WORK INSTRUCTIONS
Reproduce the whole listing word for word. Leave every image out.

DATASET CONTENT
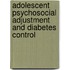 Adolescent Psychosocial Adjustment and Diabetes Control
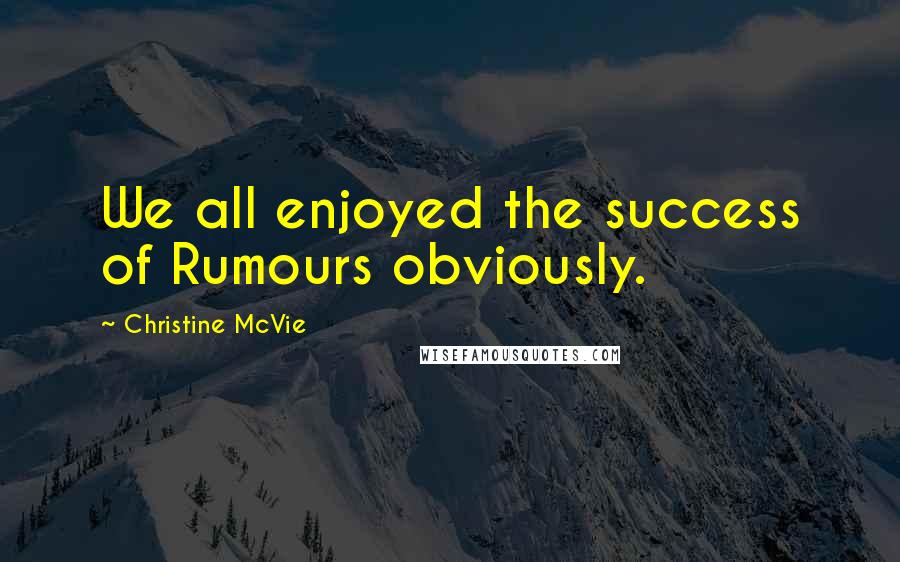 Christine McVie Quotes: We all enjoyed the success of Rumours obviously.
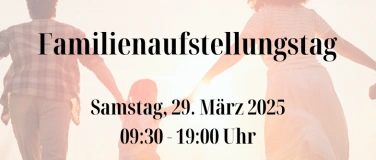 Event-Image for 'Familienaufstellungstag - entdecke die Kraft in Dir'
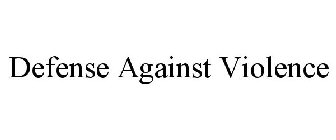 DEFENSE AGAINST VIOLENCE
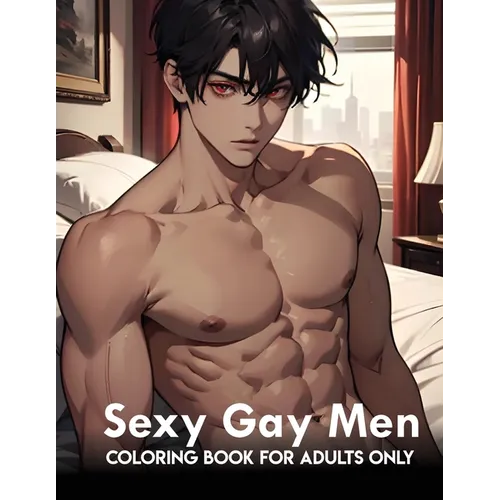 Sexy Gay Men: coloring book for adults only: Naughty And Mature Designs Of Gay Men Colouring Pages And Gifts To Relax, Stress Relief For Adults - Paperback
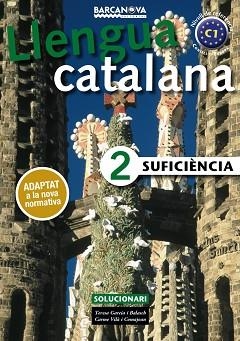SUFICIÈNCIA 2. SOLUCIONARI - EDICIÓ 2017 | 9788448943646 | GARCIA BALASCH, TERESA / VILÀ COMAJOAN, CARME | Llibreria Aqualata | Comprar libros en catalán y castellano online | Comprar libros Igualada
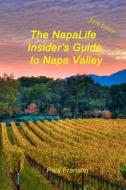 The Napalife Insider's Guide to Napa Valley: A Travel Guide for the Connected Age di Paul Franson edito da Createspace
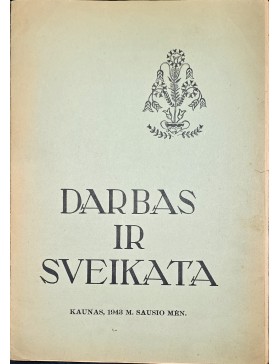 Darbas ir sveikata 1943 m. sausio mėn.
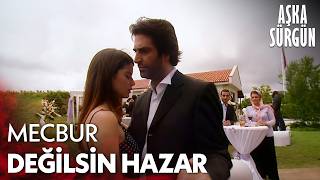 Hazar, Zilanı Dansa Kaldırdı - Aşka Sürgün 53. 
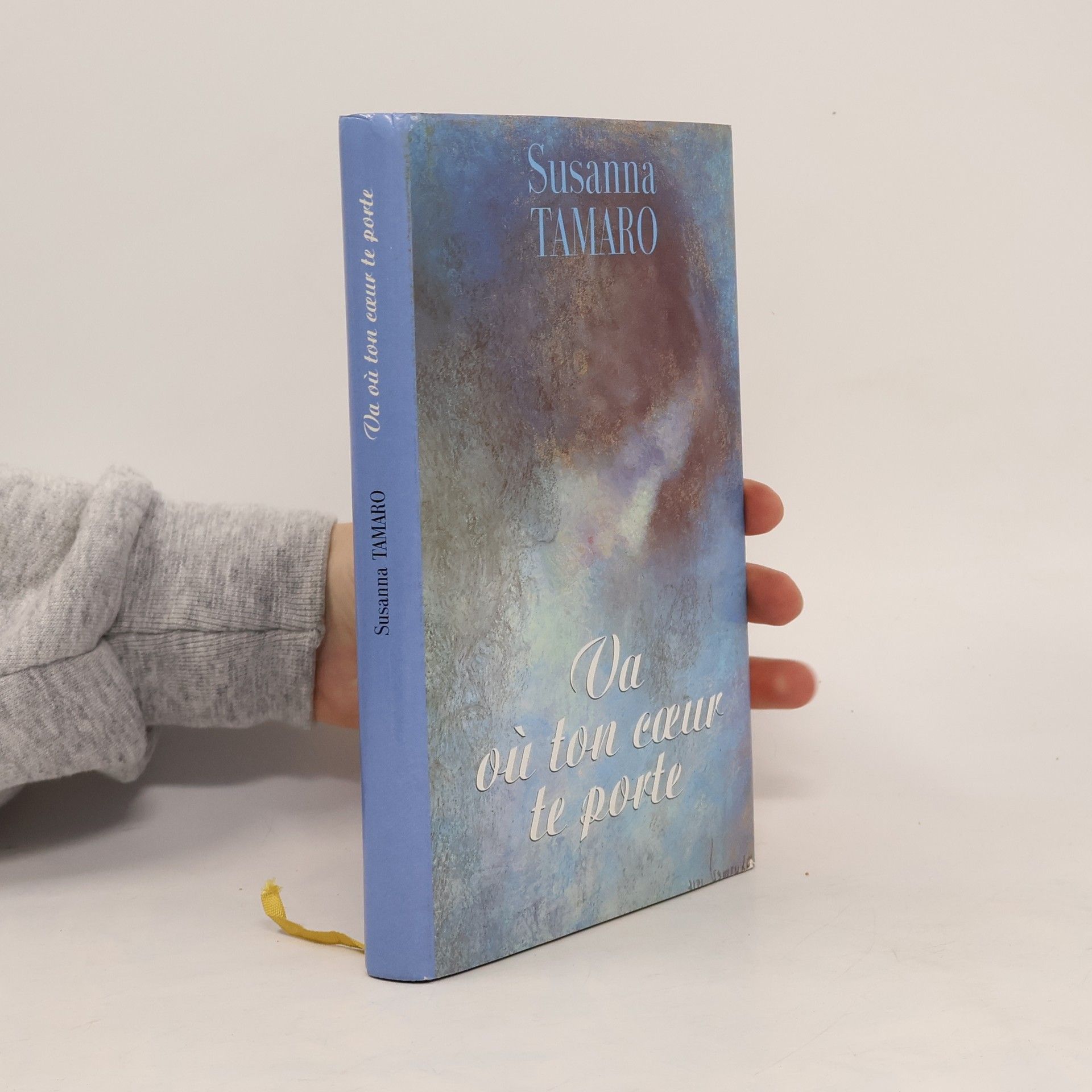 Susanna Tamaro Va où ton cœur te porte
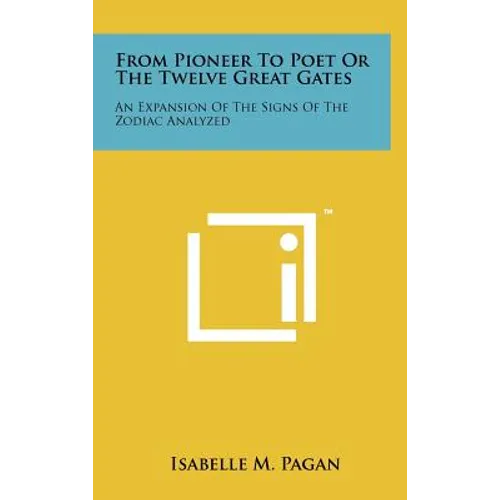 From Pioneer to Poet or the Twelve Great Gates: An Expansion of the Signs of the Zodiac Analyzed - Hardcover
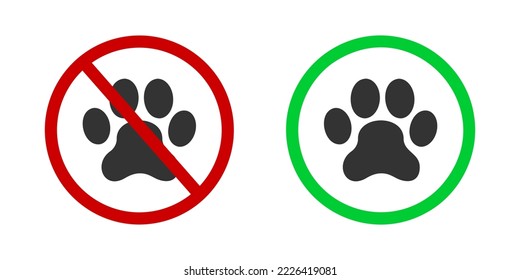 No pets and pets allowed icons. Animals ban and friendly zone labels. Prohibited and permission signs with paw print silhouette isolated on white background. Vector flat illustration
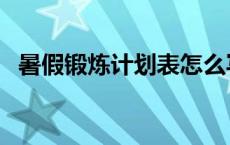 暑假锻炼计划表怎么写（暑假锻炼计划表）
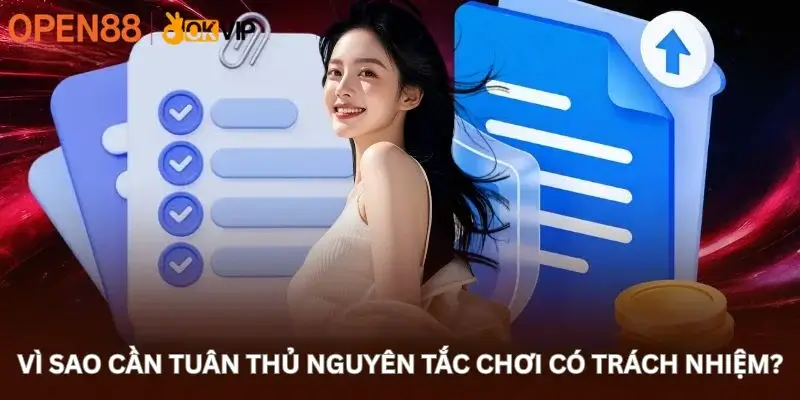 Vì sao cần tuân thủ nguyên tắc chơi có trách nhiệm
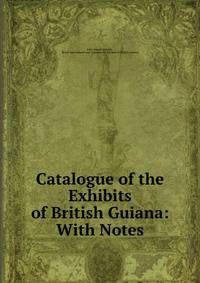 Catalogue of the Exhibits of British Guiana: With Notes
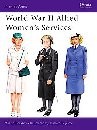 Brayley, Martin - Bujeiro, Ramiro : World War II Allied Women's Services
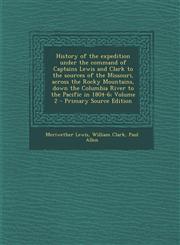 History of the expedition under the command of Captains Lewis and Clark to the sources of the Missouri, across the Rocky Mountains, down the Columbia River to the Pacific in 1804-6; Volume 2 - Primary Source Edition,1295235056,9781295235056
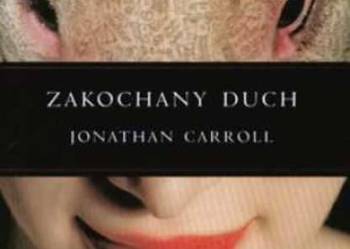 JONATHAN CARROLL - ZAKOCHANY DUCH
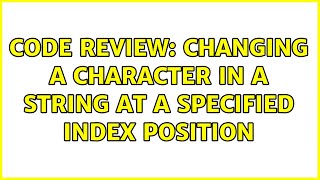 Code Review: Changing a character in a string at a specified index position (4 Solutions!!)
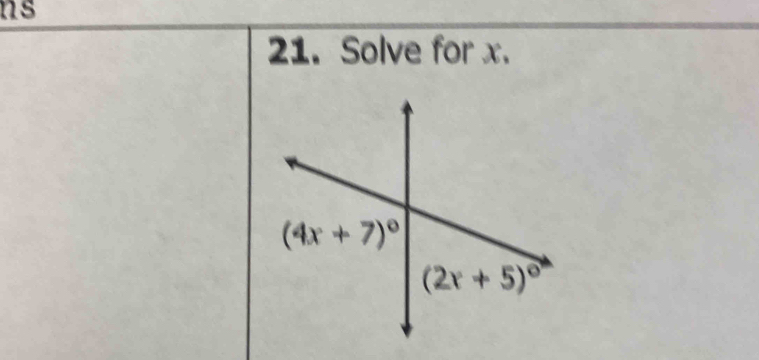 ns
21. Solve for x.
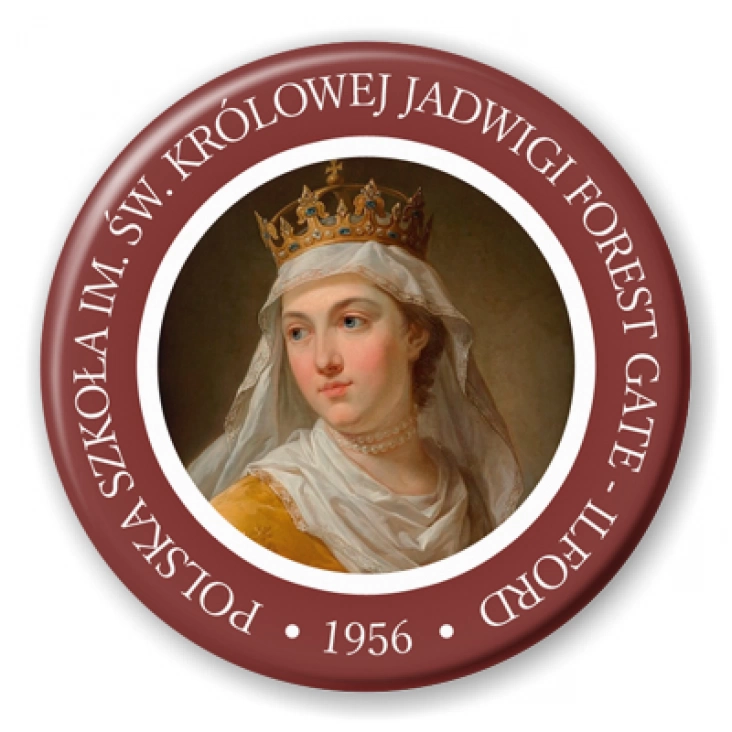 przypinka Polska Szkoła im. Świętej Jadwigi Forest Gate - Ilford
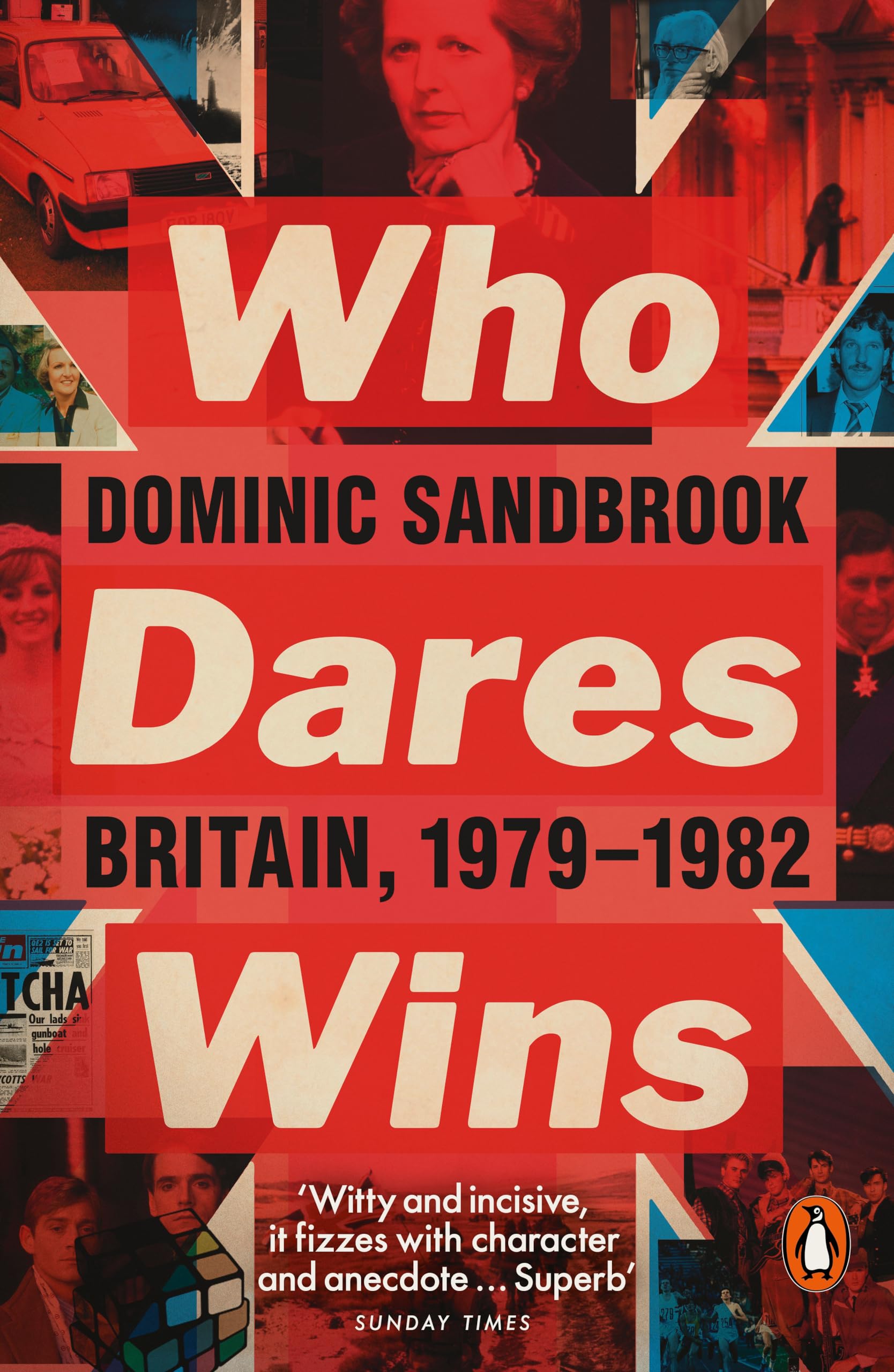 Who Dares Wins: Britain, 1979-1982 Social Sciences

TASK RESPONSE
 Adolescent Psychosocial Adjustment and Diabetes Control
 Christine McVie Quotes: We all enjoyed the success of Rumours obviously.
 Event-Image for 'Familienaufstellungstag - entdecke die Kraft in Dir'
 DEFENSE AGAINST VIOLENCE
 Sexy Gay Men: coloring book for adults only: Naughty And Mature Designs Of Gay Men Colouring Pages And Gifts To Relax, Stress Relief For Adults - Paperback
SUFICIÈNCIA 2. SOLUCIONARI - EDICIÓ 2017 | 9788448943646 | GARCIA BALASCH, TERESA / VILÀ COMAJOAN, CARME | Llibreria Aqualata | Comprar libros en catalán y castellano online | Comprar libros Igualada
 The Napalife Insider's Guide to Napa Valley: A Travel Guide for the Connected Age di Paul Franson edito da Createspace
 Darbas ir sveikata 1943 m. sausio mėn.
 Hazar, Zilanı Dansa Kaldırdı - Aşka Sürgün 53. 
 Susanna Tamaro Va où ton cœur te porte
 From Pioneer to Poet or the Twelve Great Gates: An Expansion of the Signs of the Zodiac Analyzed - Hardcover
 No pets and pets allowed icons. Animals ban and friendly zone labels. Prohibited and permission signs with paw print silhouette isolated on white background. Vector flat illustration
 暑假锻炼计划表怎么写（暑假锻炼计划表）
 Vì sao cần tuân thủ nguyên tắc chơi có trách nhiệm
 Catalogue of the Exhibits of British Guiana: With Notes
 Brayley, Martin - Bujeiro, Ramiro : World War II Allied Women's Services
 History of the expedition under the command of Captains Lewis and Clark to the sources of the Missouri, across the Rocky Mountains, down the Columbia River to the Pacific in 1804-6; Volume 2 - Primary Source Edition,1295235056,9781295235056
 JONATHAN CARROLL - ZAKOCHANY DUCH
 Code Review: Changing a character in a string at a specified index position (4 Solutions!!)
 ns
21. Solve for x.
 przypinka Polska Szkoła im. Świętej Jadwigi Forest Gate - Ilford
 Who Dares Wins: Britain, 1979-1982 Social Sciences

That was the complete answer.